Depois das rebeliões, forças-tarefas foram montadas, presos foram removidos, obras de recuperação de presídios foram iniciadas. Mas as inspeções recentes do CNJ e de outras entidades defensoras de direitos humanos revelam que a situação dos presos nestes estados continua dramática.
Luiz Silveira/Agência CNJ
Restos de comida espalhados pelo chão, goteiras, falta de energia, prédios caindo aos pedaços, presos amontoados em celas apertadas, esgoto correndo a céu aberto e um cheiro pútrido que toma conta do ambiente. Assim, o grupo de fiscalização do CNJ descreveu a Penitenciária Agrícola de Monte Cristo (PAMC), em Boa Vista, após as chacinas.
Sobre a Unidade de Recolhimento Provisório de Rio Branco, “a sensação era a de adentrar um enorme forno aceso para queimar lixo lentamente”, segundo relatório do conselho. A comitiva presenciou “o mau cheiro exalado dos restos de marmitas do almoço, especialmente o azedo do feijão”. Presos de crimes graves convivem com detentos por infrações mais leves. “Em um mesmo pavilhão, convivem presos experientes com presos que nunca haviam pisado em uma penitenciária antes”, relatou o grupo de trabalho do CNJ.
Falta água onde mais chove
A mesma equipe do CNJ esteve no Complexo Penitenciário Anísio Jobim (Compaj), em Manaus (AM), onde 56 detentos foram mortos, muitos decapitados e esquartejados. Três meses depois da barbárie, a comitiva nem conseguiu entrar. Por falta de segurança, foi impedida de visitar as áreas de convivência dos presos, em abril. Na véspera, detentos e policiais se confrontaram durante revista das celas e o clima ainda era muito tenso.

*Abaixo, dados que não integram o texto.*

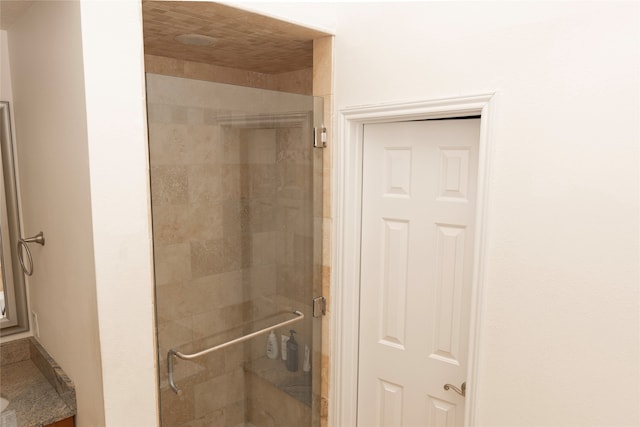 bathroom with a shower with shower door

Pouco depois, o Conselho Estadual de Defesa dos Direitos Humanos do Amazonas conseguiu entrar no palco da chacina. O grupo informou ter flagrado 32 presos em uma mesma cela, quando cada um desses locais possui capacidade para oito detentos. No principal complexo prisional do estado, onde chove pelo menos nove meses no ano, falta água para os cerca de mil homens que cumprem pena ou aguardam julgamento.
O CNJ questiona Parceria Público Privada (PPP) firmada com o poder público no estado do Amazonas. “Representa uma despesa milionária para a sociedade amazonense”. Segundo o CNJ, o governo do Amazonas desembolsou R$ 326,3 milhões em 2016 para cumprir o contrato com a empresa Umanizzare, para gerir cinco das 12 unidades do sistema prisional do Amazonas.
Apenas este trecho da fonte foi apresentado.